Prix Penser le travail : la dégradation de la qualité du travail à la loupe
L’importance de l’environnement de travail, la singularité des métiers, la réhabilitation du geste, c’est ce que nous racontent les trois ouvrages nommés au prix Penser le travail : Le Deuxième Corps, de Karen Messing (Ecosociété), Le Travail pressé, de Corinne Gaudart et Serge Volkoff (Les Petits Matins) et Le Soin des choses (La Découverte), de David Pontille et Jérôme Denis.
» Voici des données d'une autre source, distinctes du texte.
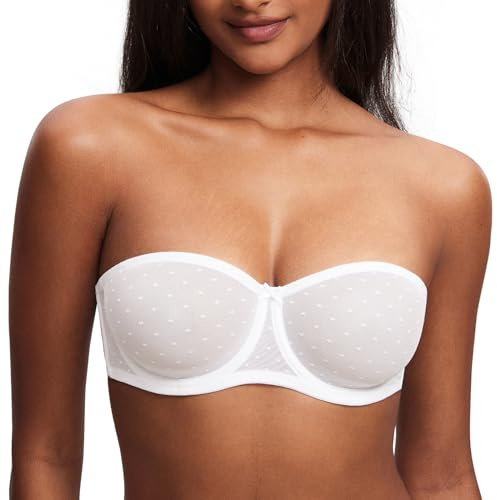 DOBREVA Women's Strapless Bra See Through Sheer Underwired Bras Unlined Plus Size White 34DD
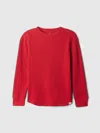 Gap Factory Kids Waffle-knit Crewneck T-shirt In Red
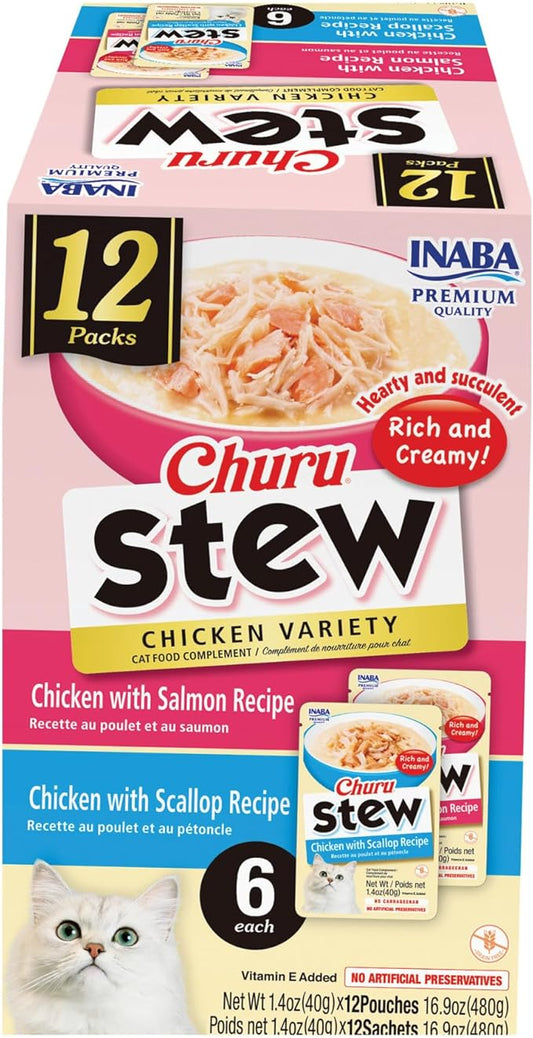 INABA Churu Stew for Cats, Broth Gelée with Shredded Chicken Side Dish Pouch with Vitamin E, 1.4 Ounces per Pouch, 12 Pouches, Chicken Variety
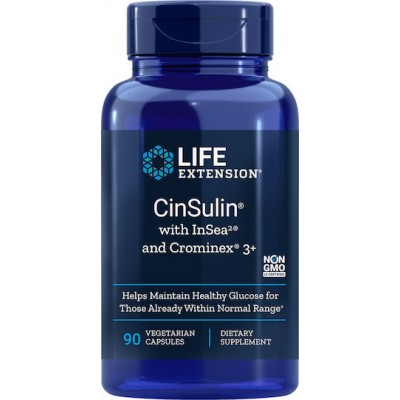 Life Extension Cinsulin InSea2 Crominex 3+ Ειδικό Συμπλήρωμα Διατροφής 90 φυτικές κάψουλες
D’une certaine manière, l’édition 2023 du prix de l’ouvrage management de l’année cofondé par Sciences Po et Le Monde célèbre la complexité du monde du travail et l’importance qu’il y a à l’observer de près pour en préserver la qualité. A quoi servirait de travailler toujours plus vite et toujours plus intensément si c’est au détriment de la qualité du travail et de la santé de ceux qui le font ?
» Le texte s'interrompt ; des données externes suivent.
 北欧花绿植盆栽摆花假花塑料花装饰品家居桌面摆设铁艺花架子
Les étudiants en management de Sciences Po qui ont passé leur année de master à débattre de l’ensemble des ouvrages publiés en 2022 dans leur spécialité l’ont bien compris en présélectionnant ces trois finalistes sur quelque quatre-vingts ouvrages. L’approche clinique du travail commune aux trois nommés met en exergue les points de rupture et la dégradation des conditions du travail à l’œuvre dès leur apparition.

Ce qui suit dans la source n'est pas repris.